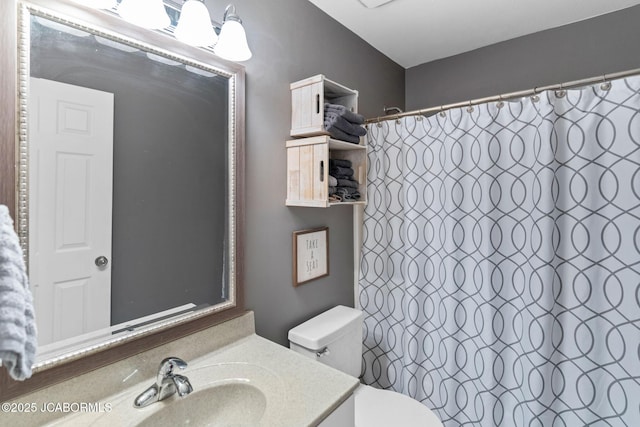 bathroom with toilet, curtained shower, and vanity
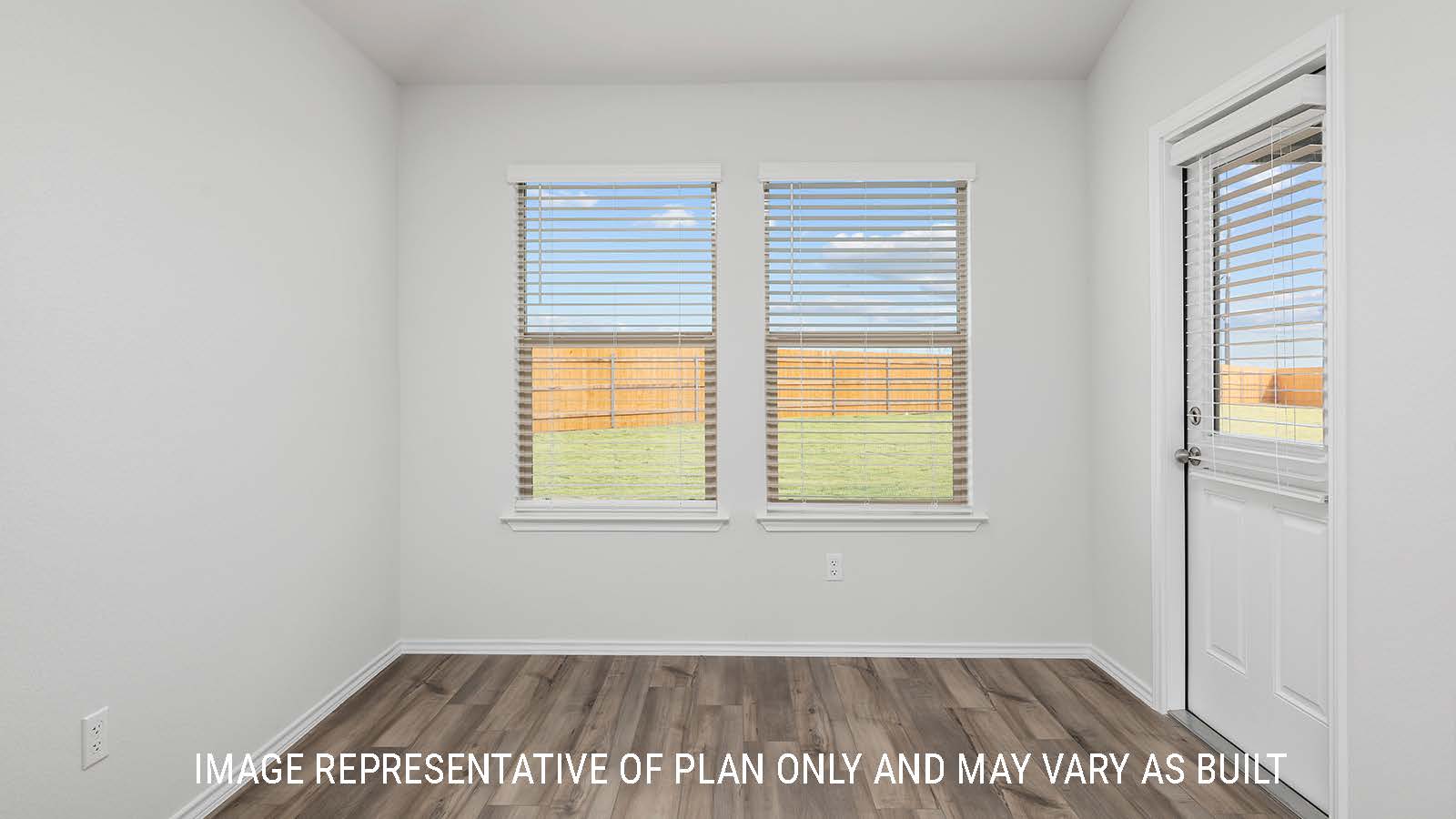 Bellvue dining room with windows and view of the backyard.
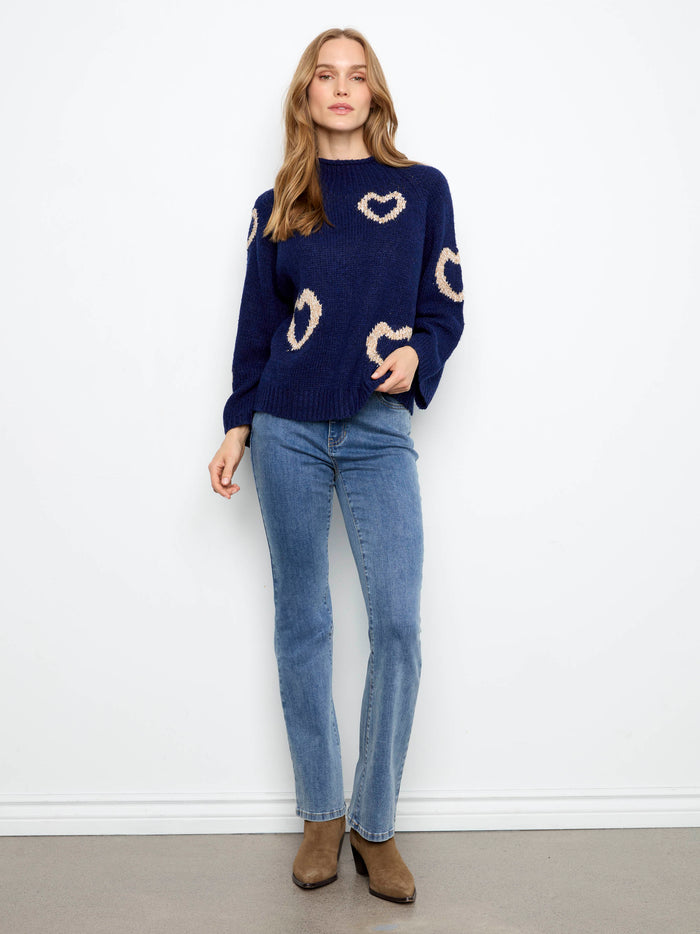 Stylish navy sweater with relaxed fit and charming heart designs, perfect for casual outings by Charlie B.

__PROBLEM TO WORK ON__:
Pictures in the data above should not be copied; transcribe everything else exactly.

__RESULT OF THIS TASK__:
 bathroom with toilet, curtained shower, and vanity
 Bellvue dining room with windows and view of the backyard.
 Stylish navy sweater with relaxed fit and charming heart designs, perfect for casual outings by Charlie B.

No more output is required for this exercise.